Les premiers colons juifs au Costa Rica ont peut-être été des « conversos » séfarades arrivés lors de la conquête espagnole du territoire et installés à Cartago, bien que cette histoire ait été quelque peu « mythifiée » par des Costariciens non Juifs. Ces premiers arrivants ont probablement caché tout semblant ou reconnaissance de leur passé juif et se sont finalement assimilés à la société coloniale costaricienne et ont perdu toute identité et traditions juives. Plus tard au 19ème siècle, un grand groupe de marchands séfarades d’origine juive de divers pays de la région – dont Curaçao, la Jamaïque, le Panama et les Caraïbes – est arrivé au Costa Rica. Eux aussi se sont assimilés et ont fini par abandonner toute trace de vie juive.

Les origines de la communauté juive costaricienne d’aujourd’hui remontent à l’entre-deux-guerres, lorsque des immigrants juifs d’Europe de l’Est sont arrivés au Costa Rica fuyant la pauvreté et la discrimination. Plus d’immigrants juifs, principalement de Pologne, sont arrivés au Costa Rica au début des années 1930, en raison de la montée du nazisme en Europe. En fait, la plupart des Juifs du Costa Rica aujourd’hui peuvent retracer leur histoire jusqu’au village polonais de Żelechów. Beaucoup de ces immigrants juifs polonais se sont engagés dans le commerce de porte à porte et le terme espagnol costaricien pour ces personnes, « Polacos », se reflète dans le terme familier pour un vendeur aujourd’hui: « Polaco. »Ils se sont principalement installés à San José et ont fondé la première synagogue orthodoxe du pays.
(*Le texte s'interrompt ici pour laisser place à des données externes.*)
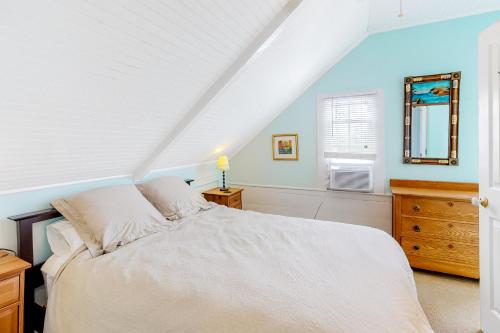 Schlafzimmer mit einem Bett, einer Kommode und einem Spiegel in der Unterkunft Historic Jewel in Provincetown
Après la Seconde Guerre mondiale et l’Holocauste, certains survivants de l’Holocauste avec des parents déjà dans le pays sont venus au Costa Rica. La fin de la guerre civile costaricienne en 1948 a vu l’antisémitisme commencer à prendre une place inquiétante dans les pratiques gouvernementales. Il y a eu une enquête fédérale sur le statut juridique et les pratiques d’immigration des Juifs du pays et en 1952, des militants nationaux ont tenté d’adopter une loi limitant les activités commerciales aux seuls Costariciens natifs. Des maisons et des institutions juives ont ensuite été attaquées. Les choses se sont améliorées pour les Juifs du Costa Rica sous le président José Figueres, qui a réaffirmé publiquement la garantie de l’égalité des droits pour tous les Costariciens par la Constitution costaricienne.
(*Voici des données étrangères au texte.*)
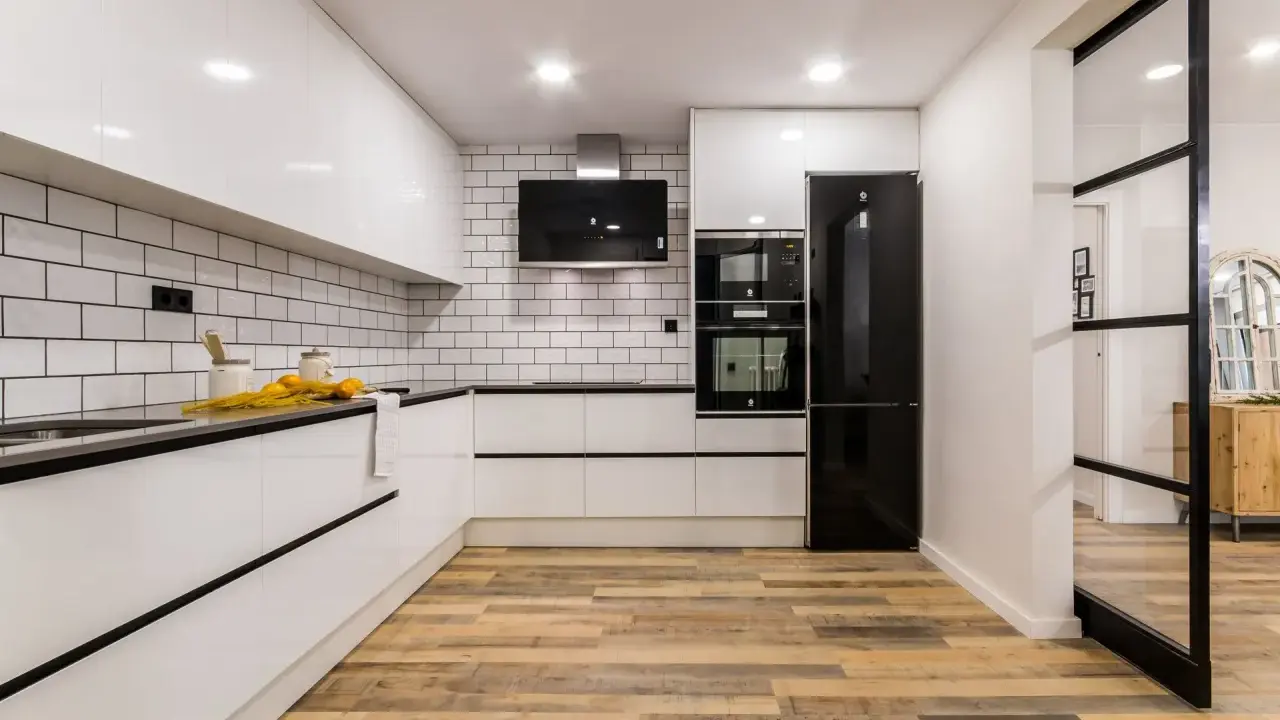 Cocina moderna con pared cocinas mitad azulejo mitad pintura blanca, electrodomésticos negros y suelo de madera.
Malgré ces troubles, les Juifs du Costa Rica dans la dernière partie du 20e siècle étaient bien intégrés et impliqués dans la société costaricienne, avec un certain nombre de politiciens, ainsi que plusieurs députés et ministres. Doris Yankelewitz Berger a été la Première Dame de 1982 à 1986, Rebecca Grynspan a été deuxième Vice-présidente de 1994 à 1998 et Jamie Daremblum a été ambassadrice aux États-Unis de 1998 à 2004.

Ces dernières années, les immigrants juifs composés en grande partie de retraités américains expatriés et d’Israéliens ont contribué à renforcer la population juive du Costa Rica et à diversifier l’expression de la vie religieuse et culturelle juive dans le pays. L’instabilité économique et politique en Argentine et au Venezuela a également contribué à l’installation de Juifs au Costa Rica, renforçant ainsi la communauté. Les juifs continuent de contribuer à la société costaricienne tout en maintenant une communauté dynamique. Astrid Fischel a été ministre de l’Éducation de 2002 à 2003 et Luis Liberman a été deuxième vice-président de 2010 à 2014.

Laisser un commentaire

Votre adresse e-mail ne sera pas publiée.